> [LISTED RECORDS]:
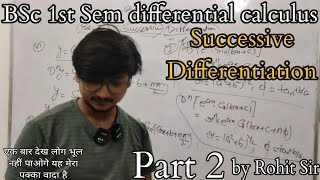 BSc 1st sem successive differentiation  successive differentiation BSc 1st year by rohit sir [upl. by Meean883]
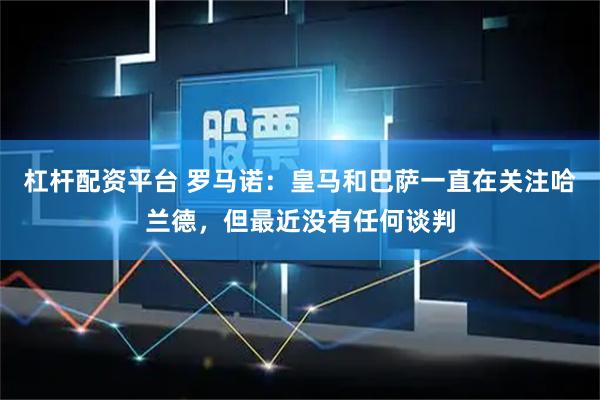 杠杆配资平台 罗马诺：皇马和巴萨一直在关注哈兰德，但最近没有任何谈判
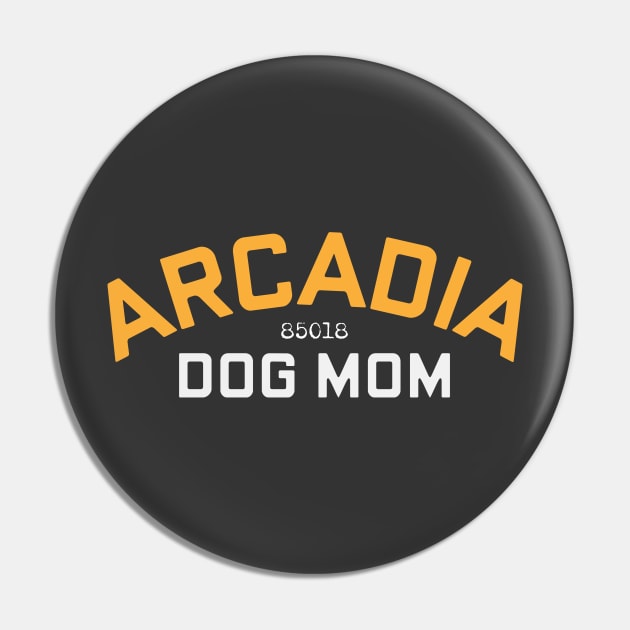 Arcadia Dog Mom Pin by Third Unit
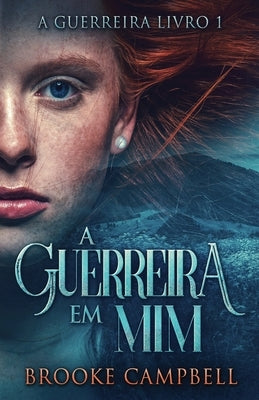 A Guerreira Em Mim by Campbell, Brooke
--
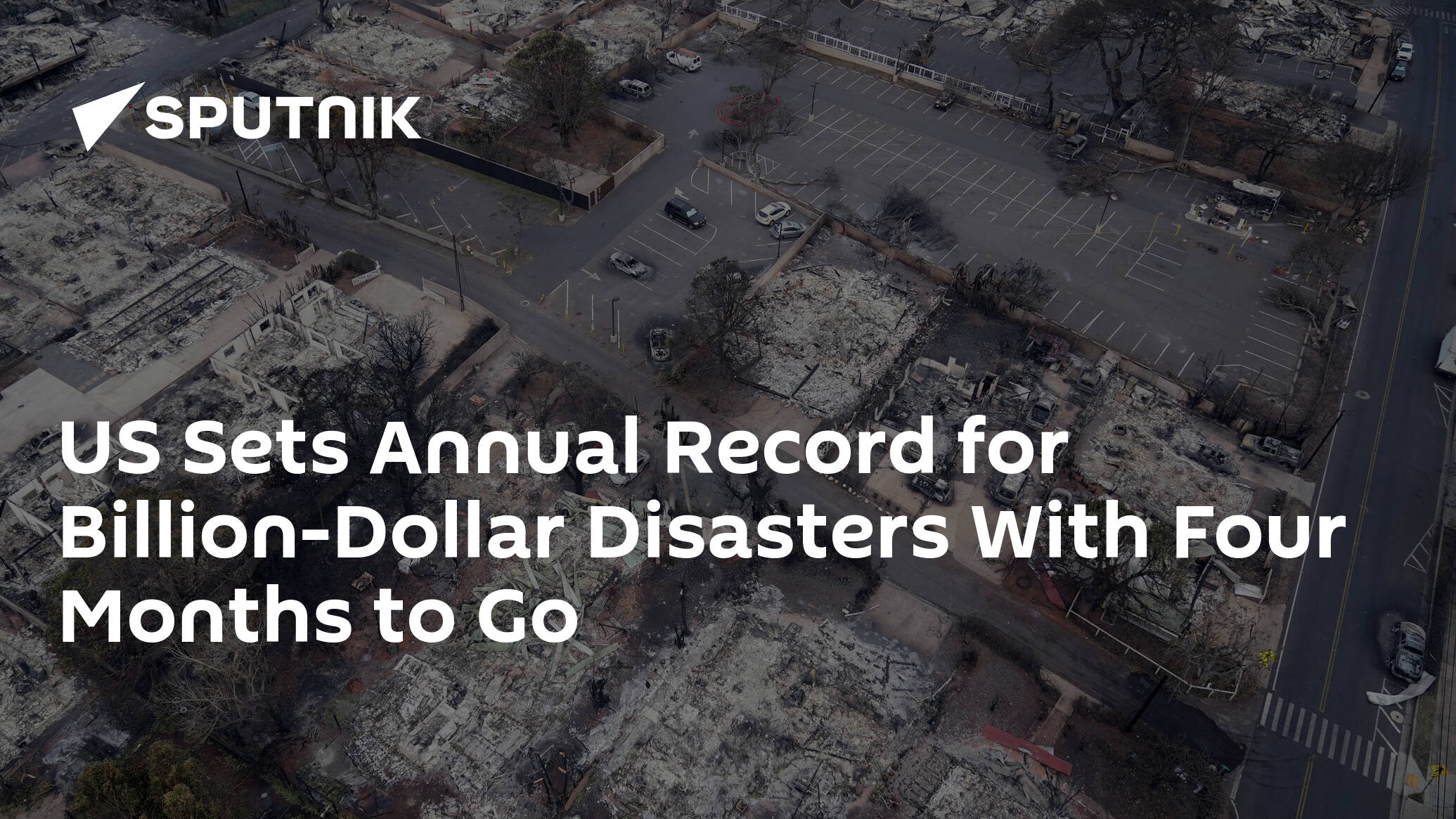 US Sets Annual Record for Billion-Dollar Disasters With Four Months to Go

> [WHAT IS EXPECTED]: From the records above, return exactly the lines running from the one that contains "BSc 1st sem" down to the one that contains "A Guerreira Em Mim by Campbell, Brooke", both included, without any pictures.

> [TASK ANSWER]:
 BSc 1st sem successive differentiation  successive differentiation BSc 1st year by rohit sir [upl. by Meean883]
 杠杆配资平台 罗马诺：皇马和巴萨一直在关注哈兰德，但最近没有任何谈判
 Arcadia Dog Mom Pin by Third Unit
 A Guerreira Em Mim by Campbell, Brooke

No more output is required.